December Gatherings

Gathering: noun an assembly or meeting, especially a social or festive one or one held for a specific purpose. Google top result.

If months have themes, then celebration is the theme of December. A quick look at the holiday calendar demonstrates multiple opportunities to gather, both secular and religious. December is a something for everyone month. Hanukkah, Mawlid Un Nabi, Christmas, and Kwanzaa all fall within its thirty one days. Followed by the ultimate celebration…New Year’s Eve/Day. How can you go wrong?

I have to admit, I scored big as a kid at Christmas. My family was multi-cultural and my parents were strong believers in tradition. With a heritage that was half German, a quarter French, and a quarter Italian, the holidays started early at my house, and each event was rooted in heritage.

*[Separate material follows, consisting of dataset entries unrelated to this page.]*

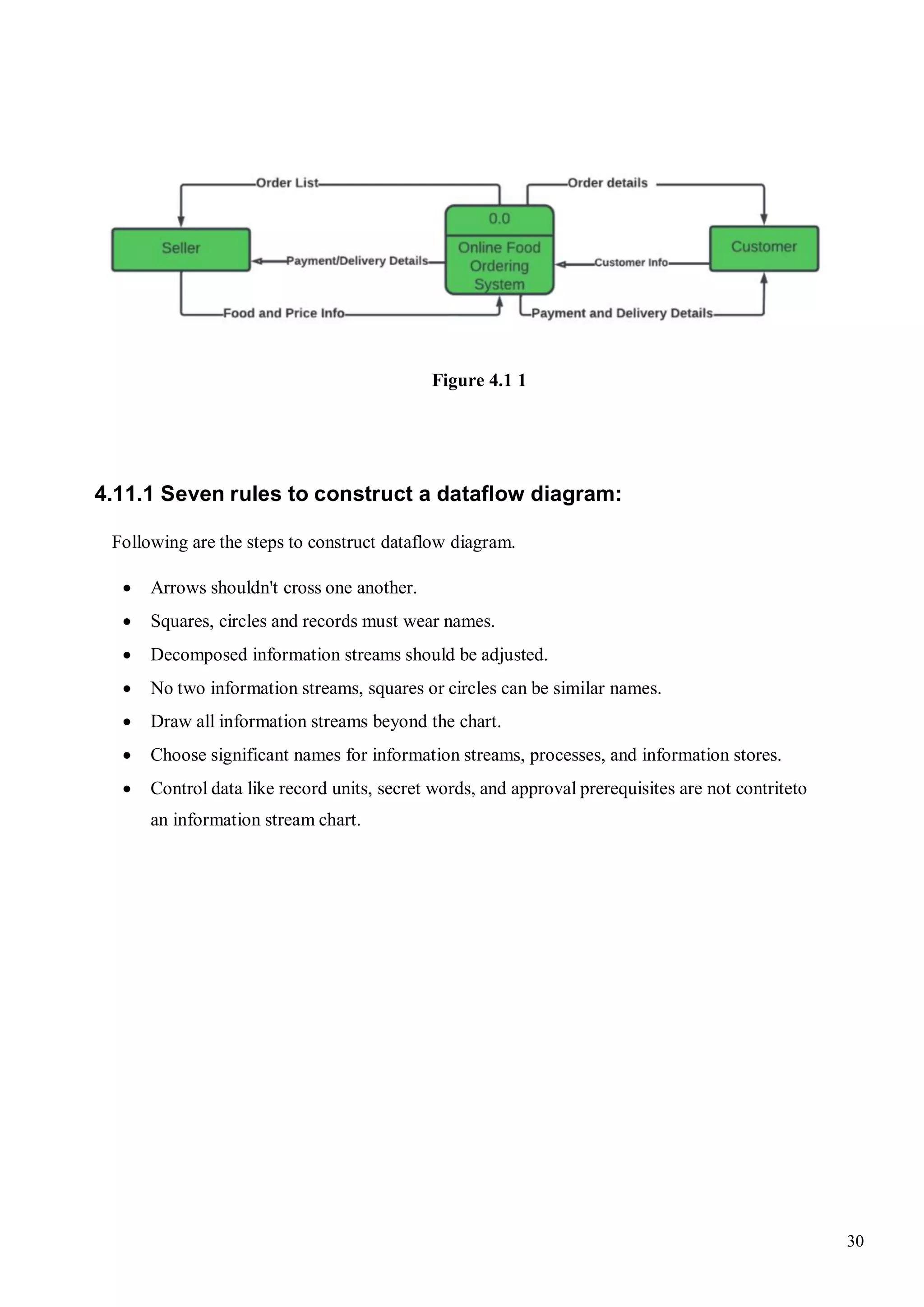 30
Figure 4.1 1
4.11.1 Seven rules to construct a dataflow diagram:
Following are the steps to construct dataflow diagram.
 Arrows shouldn't cross one another.
 Squares, circles and records must wear names.
 Decomposed information streams should be adjusted.
 No two information streams, squares or circles can be similar names.
 Draw all information streams beyond the chart.
 Choose significant names for information streams, processes, and information stores.
 Control data like record units, secret words, and approval prerequisites are not contriteto
an information stream chart.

Our Germanic roots insisted that on December 1st the Advent calendar made an appearance. Advent is literally the countdown to the birth of Christ. My grandfather brought our calendar over from German before the turn of the century. It was a standing box in the shape of a church and it contained twenty-four numbered drawers. Every night after supper, we would slide the tiny drawer open and find either a gift or directions to our gift. These gifts were not large, or extravagant, often they were ornaments for the tree, or tiny charms or figurines.

Our French roots kicked in on December 6th. The feast of St. Nicholas. That night our French relatives would arrive and we would set up the family nativity scene called a crèche. The children would receive a gift or two, usually clothing to wear on Christmas day and a small toy, or my favorite, a book.

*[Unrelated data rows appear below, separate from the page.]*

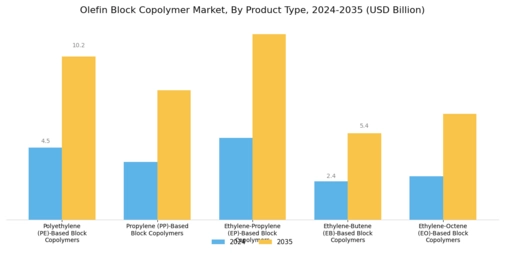 Olefins Block Copolymer Market Segment Image 1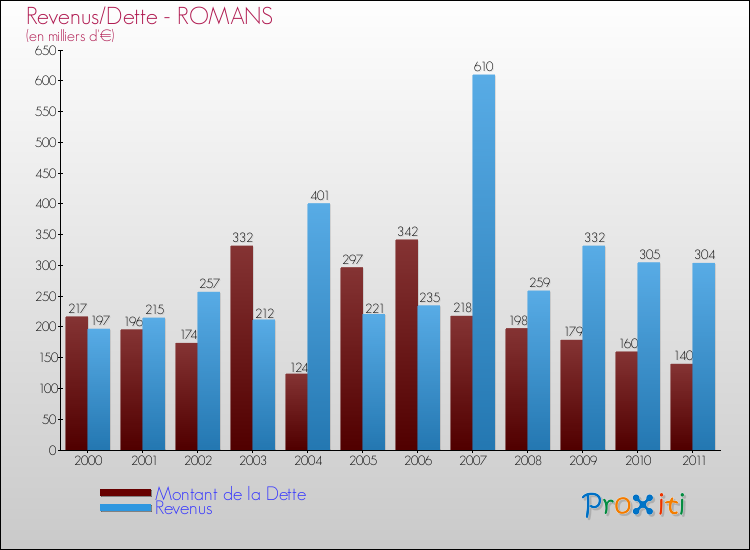 Evolution comparée de la dette et des revenus pour la commune de ROMANS de 2000 à 2011 Comparaison de la dette et des revenus pour ROMANS de 2000 à 2011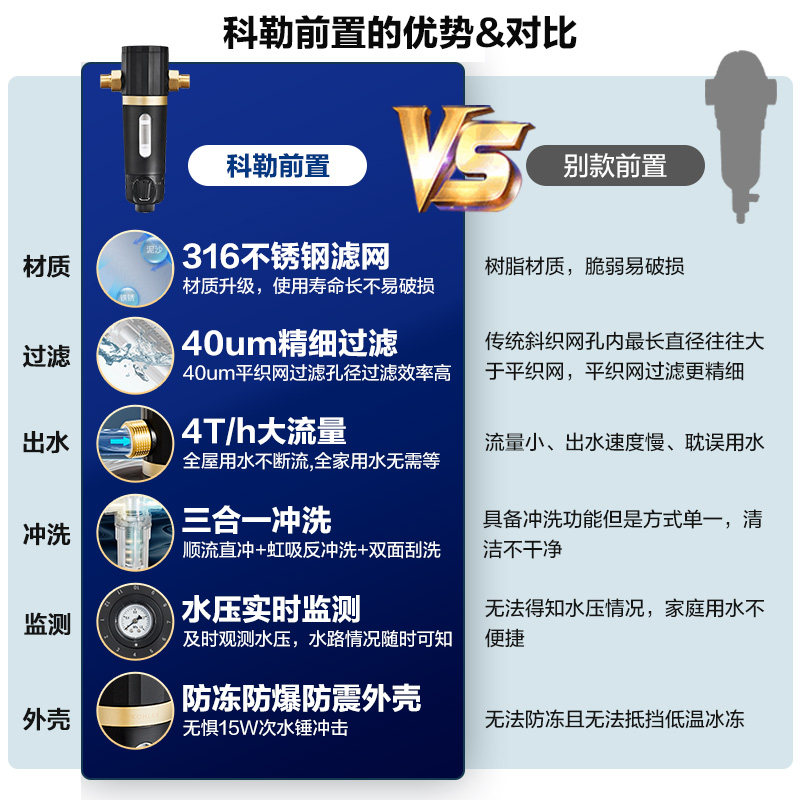 科勒全屋自来水反冲洗测水压净水器 科勒琅博净水器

We celebrated our Italian roots on Christmas Eve. My Uncle would get us before my father arrived home from work. He drove us to his house in New York where his mother-in-law and grand mother-in-law would be working on the traditional Christmas Eve feast. Christmas Eve is a big event in an Italian household. Nothing eaten has color (except the ever-present salad) and usually there were seven different kinds of fish. Including my favorites, eel that we had caught in the Hudson River, and baccalà (salt cod) salad. My father would show up around eight o’clock just in time to sit down to dinner.

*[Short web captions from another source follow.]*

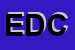 logo della EUROPOSE DI DECATALDO CHRISTIAN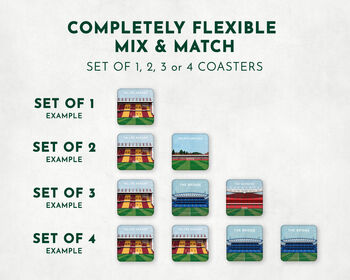 Contemporary Football Stadium Coaster Gift, Mix And Match Set, 4 of 4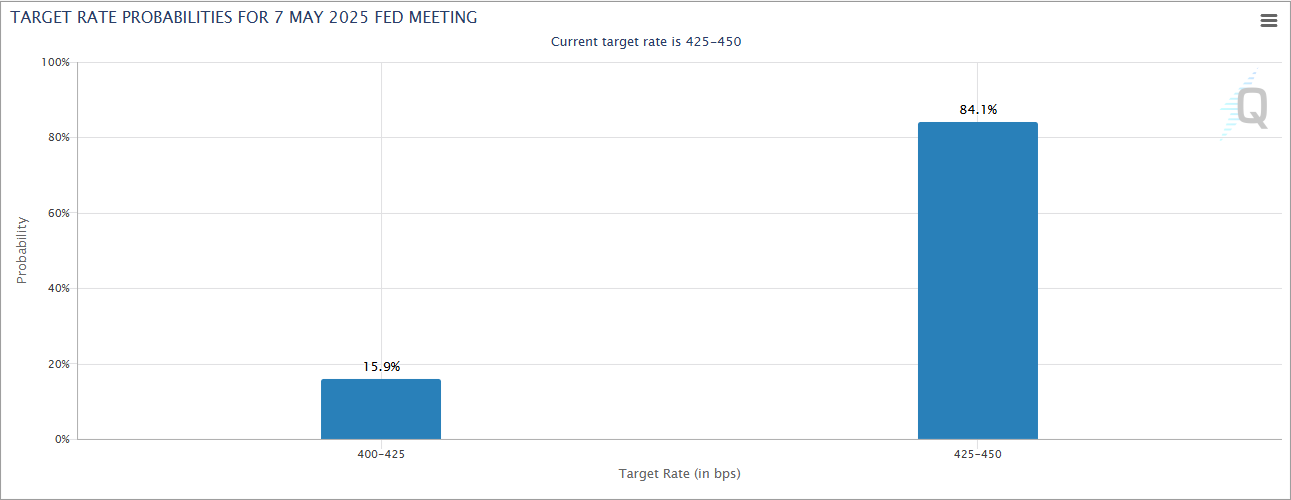 Probabilità di taglio dei tassi di interesse della Federal Reserve a maggio 2025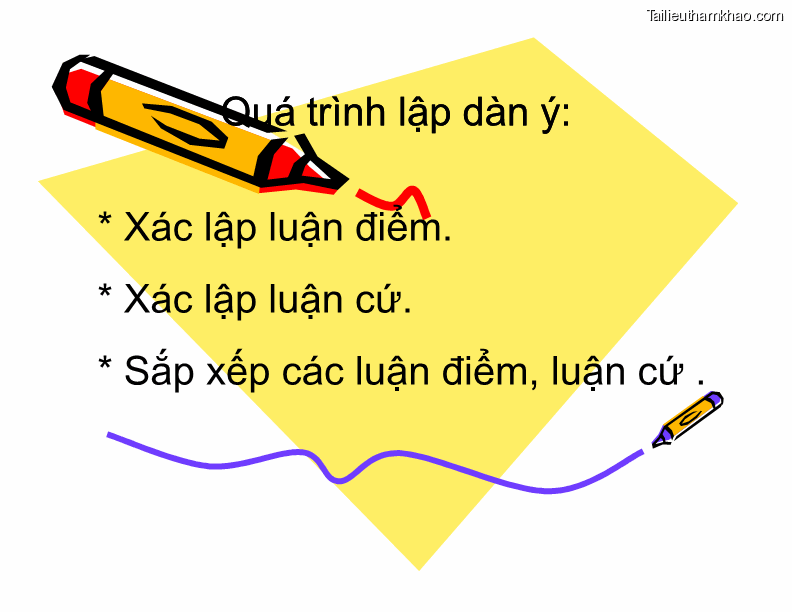 Quá Trình Lập Dàn Ý Xác Lập Luận Điểm Xác Lập Luận Cứ Sắp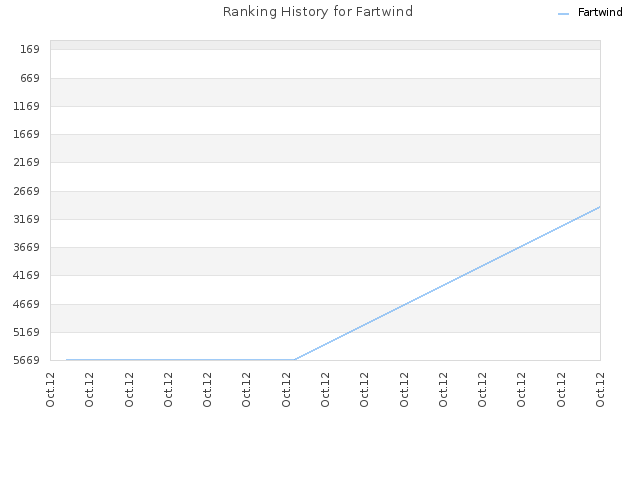 Ranking History for Fartwind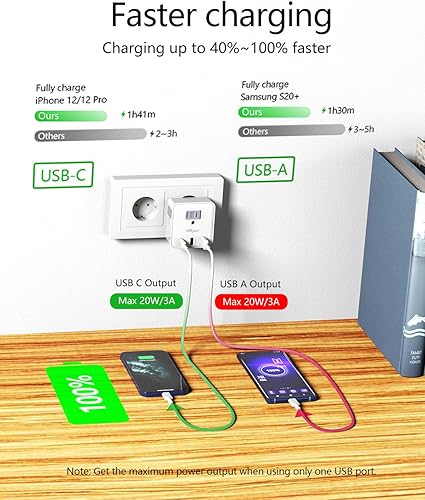 Miniatura 4 de Paquete de 2 adaptadores de enchufe de viaje de Estados Unidos a Reino Unido Irlanda, accesorios de viaje internacionales, con puerto PD3.0 y QC3.0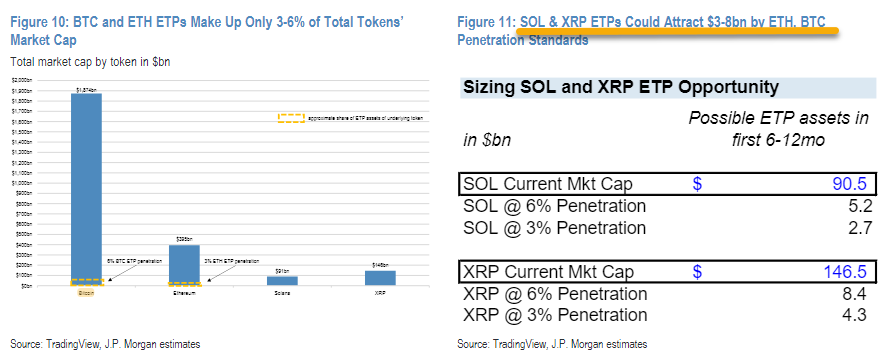 XRP and Solana ETFs Projections JP Morgan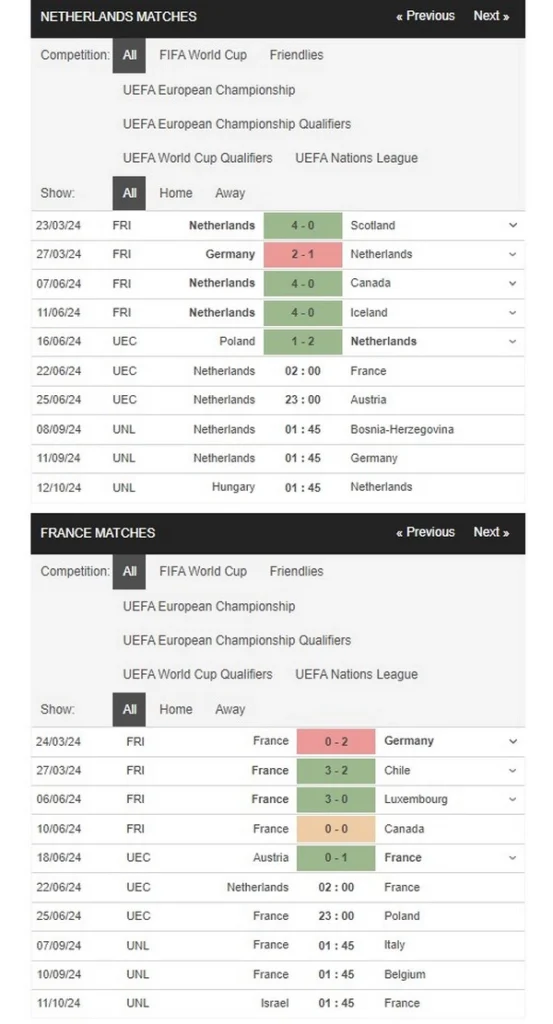 prediction netherlands vs france 22062024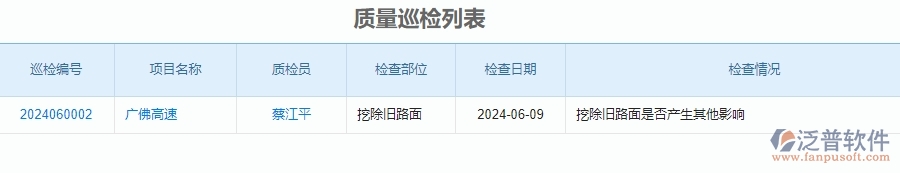二、泛普軟件-公路工程企業(yè)使用了系統(tǒng)之后，給質(zhì)量巡檢帶來了哪些好處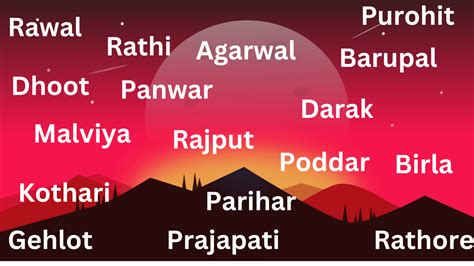 marwari caste surname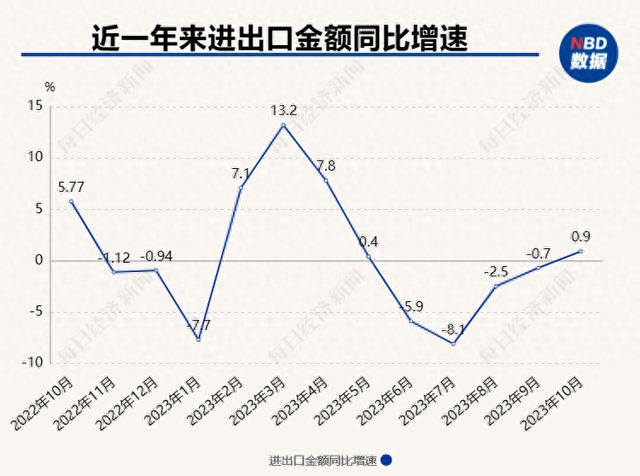 增速由负转正！10月进出口同比增长0.9% 专家：未来进口额同比改善趋势将会持续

After dinner, the multinational Christmas traditions continued. Excitement mounted in the car as we drove over the George Washington Bridge for home. My father would make us wait in the car while he opened the house and turned on the Christmas tree lights. His German tradition insisted that Santa brought the tree on Christmas Eve. While we were at my uncle’s he had been home decorating the tree. Many of our ornaments had come from Germany with my grandparents and been left to my Dad. My brother and I each had two special ornaments that only we could hang on the tree. Mine were a hand blown antique gnome ornament and a hand blown antique Santa. Then my Dad would give me the tree topper and hike me up on his shoulder so I could position it on the top of the tree. His family tradition required the youngest in the family top the tree. Under the tree was one gift for each of us that we could open. The bulk, in the American way, would arrive in the morning along with a houseful of family and friends.

There were two more traditions before we went to bed. We didn’t have a hearth, so we placed cookies and a glass of milk on the end table nearest the radiator. Then in the French way, we put a pair of shoes in front of the radiator. When we woke in the morning, if we had been good, we would find aluminum foil packages in our shoes that contained an orange, an apple, and some nuts.

Christmas day might be over, but the Christmas season was not done yet. On January 6th, Little Christmas, the day the wise men arrived at the stable, Italian tradition insisted that the children receive candy or coal. This time, we would find decorative socks at our breakfast table concealing our gifts or punishment. A good witch known as la befana brought the gifts in the night. I never saw la befana, but years later when someone gave me a kitchen witch as a housewarming present she looked just like my imaginative image of her.

Little Christmas also marked the day the decorations came down and the tree was put to the kerb. This often involved a gathering of friends and relatives invited to put Christmas away and share a savory sauerbraten my mother had started preparing on New Year’s Day. The holiday season was over for another year.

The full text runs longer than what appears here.